AT&T now lets you lock down your account to prevent SIM swapping attacks
AT&T now lets you lock down your account to prevent SIM swapping attacks

The Verge

time8 hours ago

  • The Verge

AT&T now lets you lock down your account to prevent SIM swapping attacks

AT&T is launching a new Account Lock feature that's designed to protect wireless users against SIM swapping attacks. The feature, which you can enable from the myAT&T app, prevents unauthorized changes to your account, like phone number transfers, SIM card changes, and updates to billing information. SIM swapping attacks have become increasingly common in recent years.

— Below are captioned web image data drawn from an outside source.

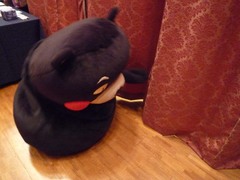 20120917001.jpg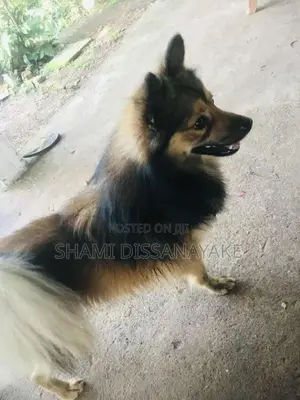 Pomeranian Male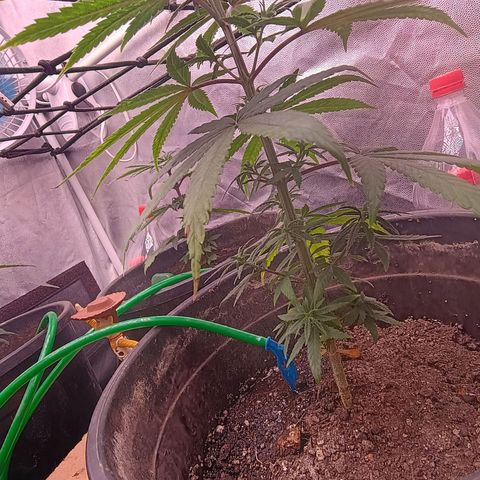•Brasil Gold• (03#) growlog photo: •Mystery us THC• (03#) - [4ª Semana Vegetativo Concluido]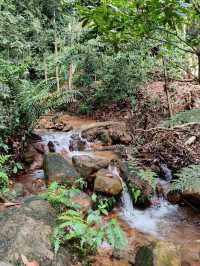Discover 🔥 2D1N Kluang Getaway Itenarary 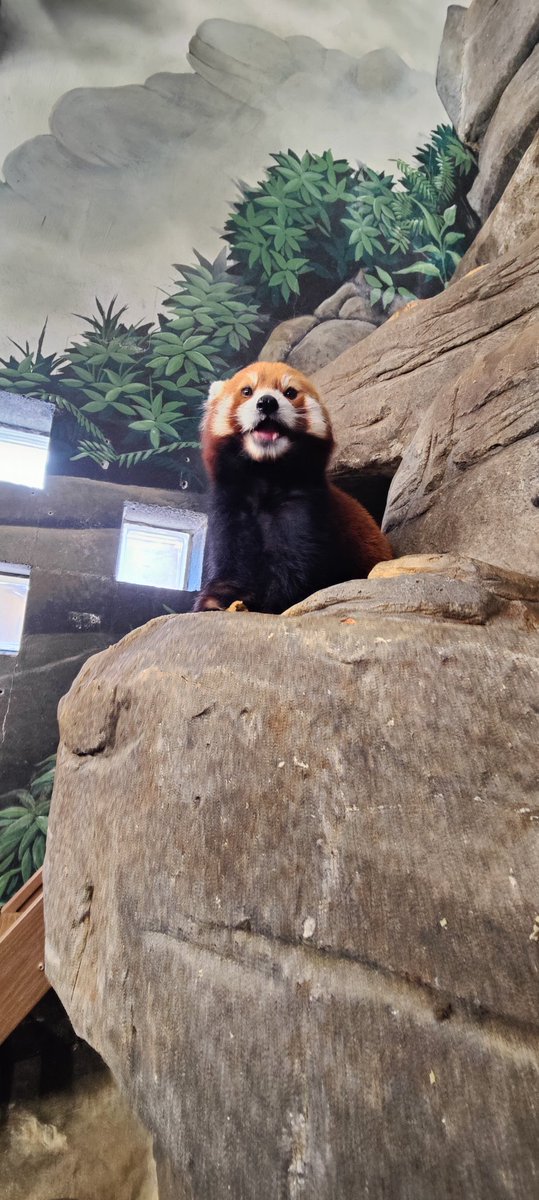 JakeLamar14's tweet photo. @FFHitman This is Ovie, Ovie is a red panda from the Chattanooga zoo. Red pandas are cool. Say hi to Ovie. https://t.co/qQUWWK16bS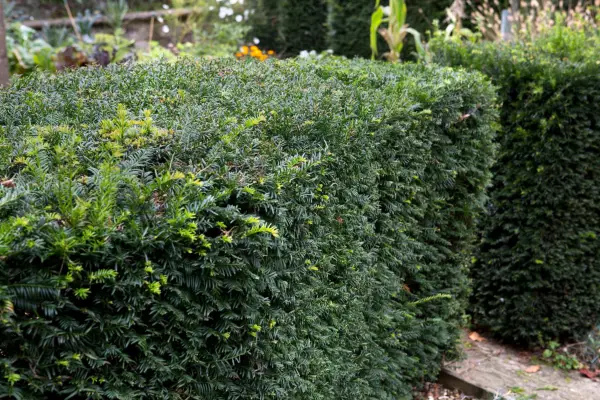 Hedges for problem spaces - yew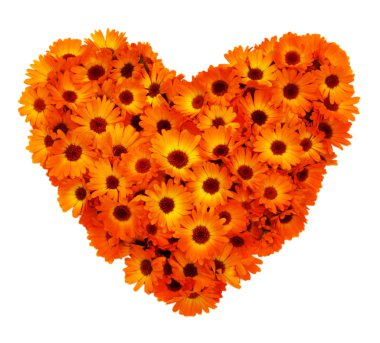 Calendula çiçek şekli izole kalp.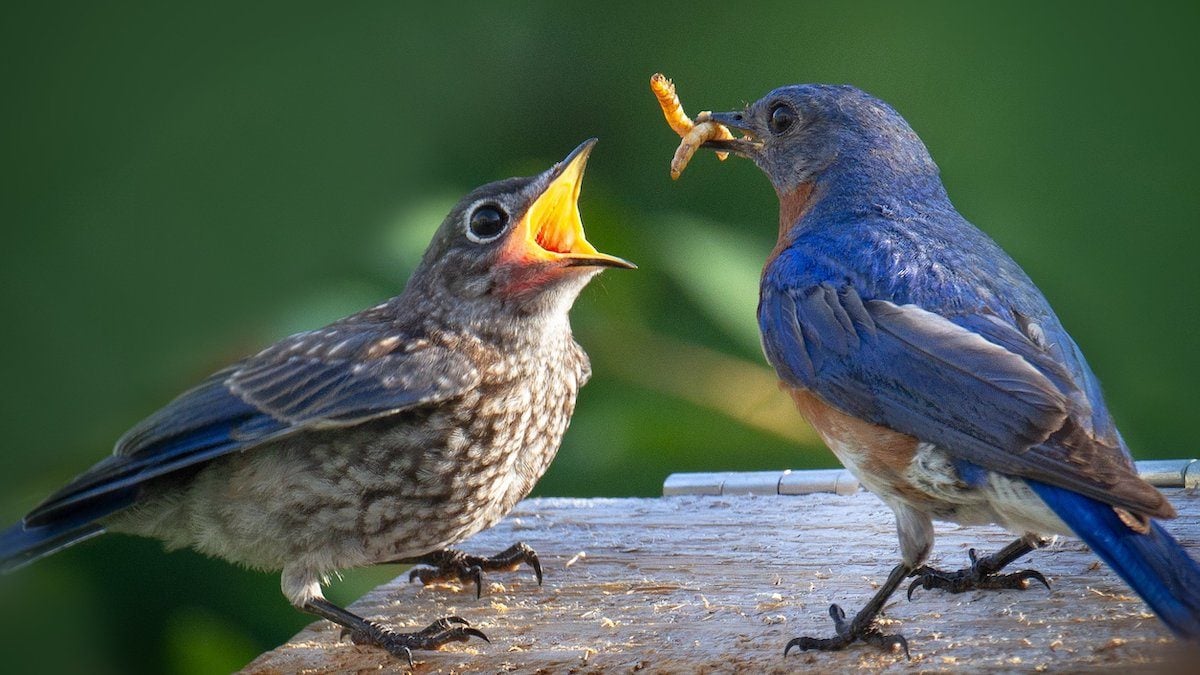 15 Totally Adorable Baby Bluebird Pictures - Birds and Blooms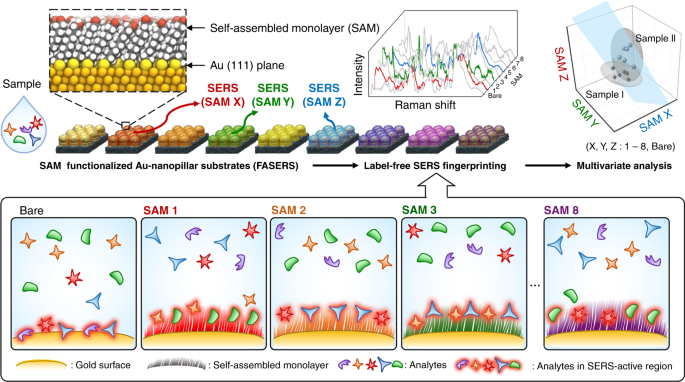 Surface enhanced Raman scattering artificial nose for high dimensionality  fingerprinting | Nature Communications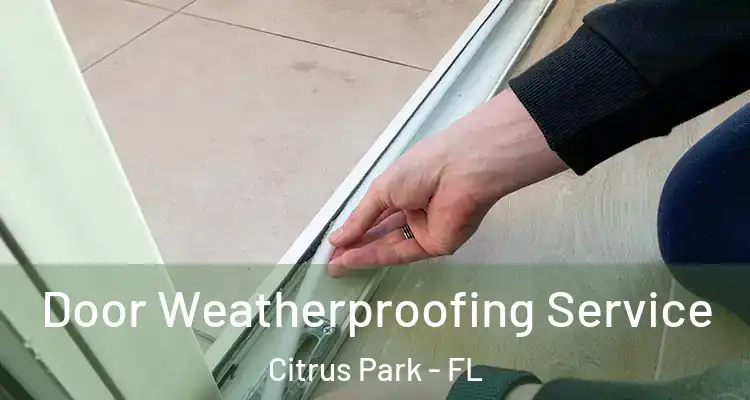 Door Weatherproofing Service Citrus Park - FL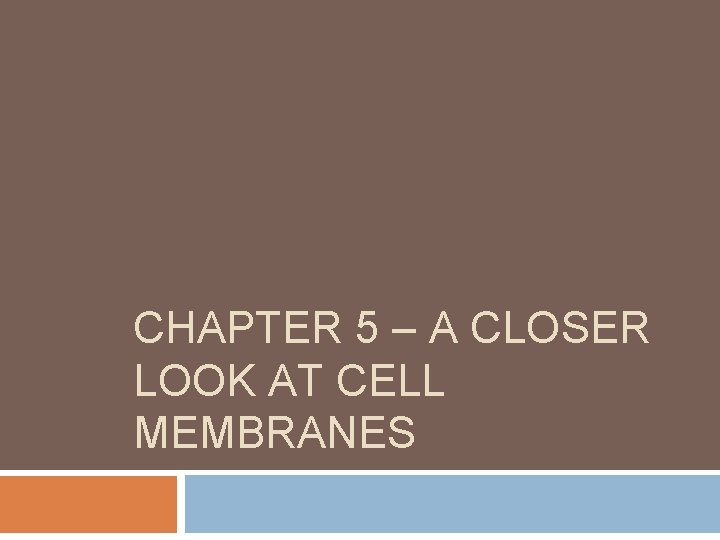 CHAPTER 5 – A CLOSER LOOK AT CELL MEMBRANES 
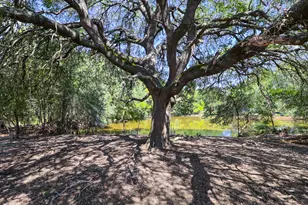 3995 Co Rd 405, Lexington, TX 78947 - Photo 27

They occur when a bad actor gets ahold of a victim's phone number, sometimes with social engineering techniques such as impersonating a victim and asking their carrier for a SIM change, and then intercepting messages and phone calls meant for the victim. This can let an attacker receive two-factor authentication codes that they can use to break into sensitive accounts. Other carriers, including T-Mobile, Verizon, and Google Fi, already have similar features to prevent against this type of fraud. AT&T began gradually rolling out Account Lock earlier this year. As noted by AT&T, its new Account Lock feature also blocks device upgrades, along with changes to authorized users and phone numbers. You can turn Account Lock on or off at any time by opening the myAT&T app, selecting Services > Mobile Security > Wireless Account Lock, and selecting which accounts you want to lock or unlock. AT&T will then send the primary account holder an email notifying them of the change, while every active number on the account will receive a text. Only users with primary and secondary access to an AT&T account can use Account Lock.